Some trainers are supporting Valenzuela, including Vladimir Cerin, who frequently rode Valenzuela last year.

"I'm supporting him 100 percent," Cerin said. "Patrick had some personal problems and needed some time to take care of them. I don't think anyone can say he was on drugs or not unless they know from a personal experience. I think he's a great rider, a pretty good person. I like him, and I'm going to use him as soon as he comes back."

He's the Rage yet to fulfill potential

The first major program of the Hollywood Park meeting is Saturday's $1.31 million California Gold Rush program for statebreds.

Trainer Jim Cassidy is hoping the Gold Rush program is as productive as the California Cup was for him last fall when he won the Juvenile with He's the Rage and the Distance Handicap with Moscow Burning.

He's the Rage was expected to have a big 3-year-old campaign after he won the Juvenile as a maiden. Six months later, the colt is winless in two subsequent starts and the same expectations exist.

He's the Rage starts as a top contender in the $250,000 Snow Chief Stakes for 3-year-olds; he will face familiar opponents.

He's the Rage finished second in his last start to the promising Cee Mister B, who returns to make his stakes debut in the Snow Chief.

When the two met in an allowance race over 1 1/16 miles on March 5, Cee Mister B won by three-quarters of a length.

"My horse was on the lead and got caught late," Cassidy said. "We got beat by a pretty nice colt. I think the distance will help me."

Cassidy is not discouraged by He's the Rage's two losses since the California Cup. In his first race back, the colt finished eighth in the California Breeders' Champion Stakes on Dec. 26, his only start before March 5.

"He got sick on me after the Cal Cup and then we got back to the track and he had a little recurrence," he said. "I had about 17 horses get sick on me."

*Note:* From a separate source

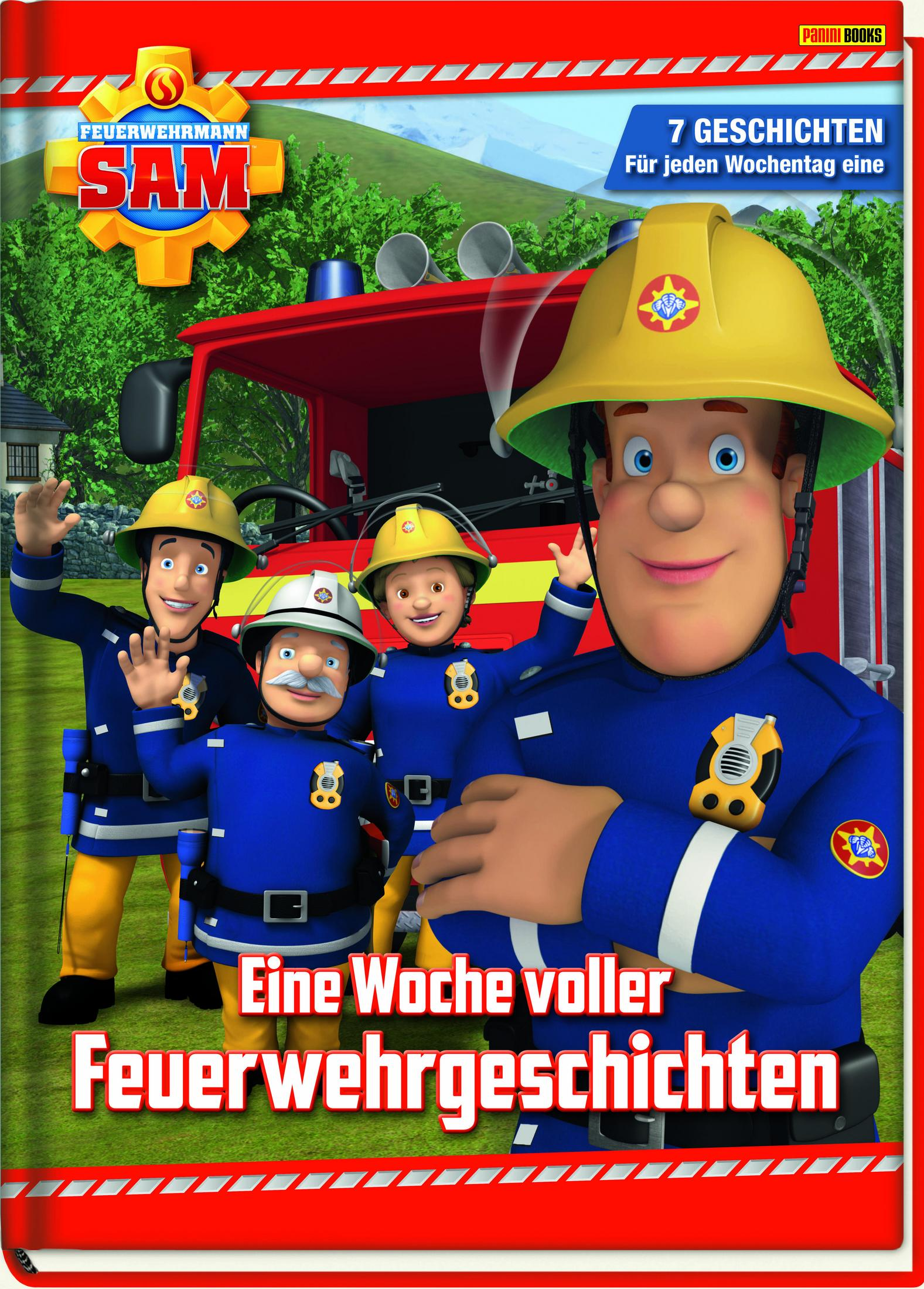Vier Feuerwehrleute in blauen Uniformen und gelben Helmen stehen vor einem roten Einsatzwagen in einer grünen Landschaft.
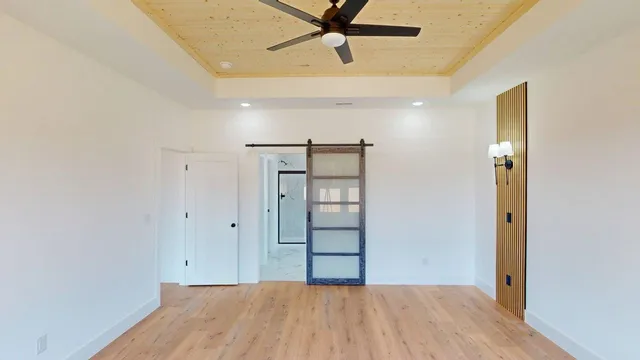 $474,900 | 261 State Rd S-42-742, Wellford, SC 29385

The Snow Chief Stakes, run over 1 1/8 miles, will also include Cheiron, Don'tsellmeshort, and O.K. Mikie.

The program features five other stakes worth $150,000 to $200,000.

Yearly Report, the winner of the Grade 2 Santa Ynez Breeders' Cup Stakes in January, leads the Melair Stakes for 3-year-old fillies.

Moscow Burning starts in the $150,000 Fran's Valentine Stakes over 1 1/16 miles on turf.

Unfurl the Flag out with minor injury

Unfurl the Flag, second in the Potrero Grande Breeders' Cup Handicap on March 28, will not start in Saturday's Tiznow Stakes because of a bruised foot, trainer David Bernstein said.

Bernstein said precautionary X-rays were taken on Unfurl the Flag's left front foot, but that no major injuries were revealed.

"We've had problems all along," Bernstein said. "When we ran him in the stakes the other day, it jarred him pretty good. He's not 100 percent."

St Averil's Derby status uncertain

St Averil, sixth as the favorite in the Santa Anita Derby on April 3, remains a contender for the Kentucky Derby after working five furlongs in 59.20 seconds on Sunday.

Trainer Rafael Becerra cautioned that St Averil will have one more workout on Saturday before he and owner Stan Fulton decide whether to try the Kentucky Derby.

"I'm happy with the way he worked," Becerra said. "I want to watch him for a couple of days."

St Averil won the Santa Catalina Stakes in January and was second in the San Felipe Stakes in March.

Mullins's 4-year-olds click

Jeff Mullins, who led the trainers' standings for the first time at Santa Anita, had an excellent weekend with the stable's 4-year-old males.

Friday, Buddy Gil, the 2003 Santa Anita Derby winner, ended a four-race losing streak with a victory in a one-mile allowance race. Sunday, Choctaw Nation won his third consecutive race in an optional claimer. Ridden by Victor Espinoza, Choctaw Nation rallied from last, making up 12 lengths and finishing 1 1/2 lengths in front of Chester's Choice.

* House of Fortune, the winner of the Fantasy Stakes at Oaklawn Park on April 9 and a candidate for the Kentucky Oaks on April 30, worked a half-mile in 49.40 seconds on Sunday. Trainer Ron McAnally described the workout as a breeze.

* Leif Dickinson, the turf course superintendent at Santa Anita, was honored in a ceremony in the winner's circle on Sunday. Dickinson is leaving Santa Anita to accept a similar position at Del Mar.